According to the memo, the tbh creators basically figured out how to build their own buzz without resorting to a traditional marketing campaign. The “trick,” in their case, involved using the fact that teens often identified which high school they attend in their Instagram bio.
The app’s team would create a private Instagram account, visit the location page for a particular high school within Instagram and follow every account that included the school’s name. Teens were thus being followed by what seemed like a buzzy new app that also included a kind of call to action, asking them to “stay tuned” now that they’ve been “invited” to the new app. And the team would repeat that process, targeting a new high school each time.
“Traditionally, most products get their initial users through press outreach,” the tbh memo reads. “However, for social products, this is usually a formula for failure: You end up with highly fragmented users across your audience, meaning the community will not have critical mass. Users won’t be able to find their friends, aside from a handful of Silicon Valley socialites who are actively downloading new mobile apps.”
“In addition, the initial product is most likely multiple iteration cycles away from product-market fit. However, due to exposure created by the initial launch, the audience will be fatigued and ignore subsequent updates. And the press will also be unlikely to cover them. Therefore, it is critical to design a process that allows you to launch vastly different product experiences within specific communities so your product can reach critical mass and so you don’t prematurely exhaust your audience’s attention.”
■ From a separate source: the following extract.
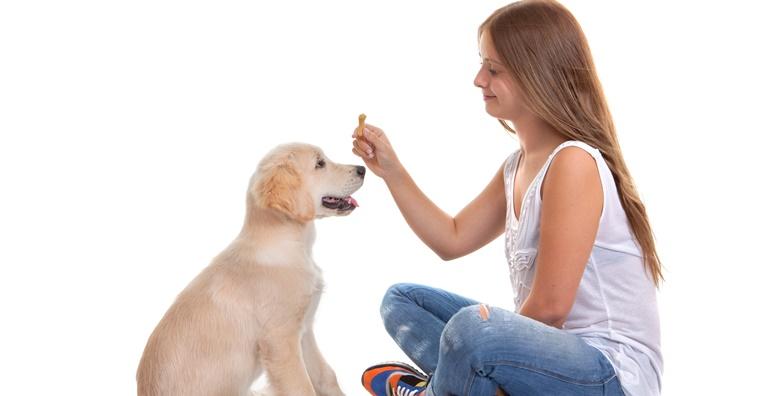 Treniranje i odgoj štenaca -83% HR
The tbh team goes on to explain in the memo that it built 15 products in all during the company’s five-year history. Some of its methods are probably too “scrappy” for a big company like Facebook, the founders acknowledge, but they nevertheless thought there might be “analogous ways” to employ the same tactics at Facebook.
We’ll see, of course, if the brass at Facebook actually draws any insight from the lessons it may or may not have gleaned from the tbh crew.
According to a recent Pew Research Center survey, Facebook has slipped in popularity among teens (which is no surprise) and now finds itself behind YouTube and Snapchat, which are regarded as more popular with that demographic. With Facebook reporting a revenue slowdown later this year, as it did during the company’s most recent earnings call, the time would seem to be now to try to juice excitement among users, especially lucrative users like high schoolers and young adults.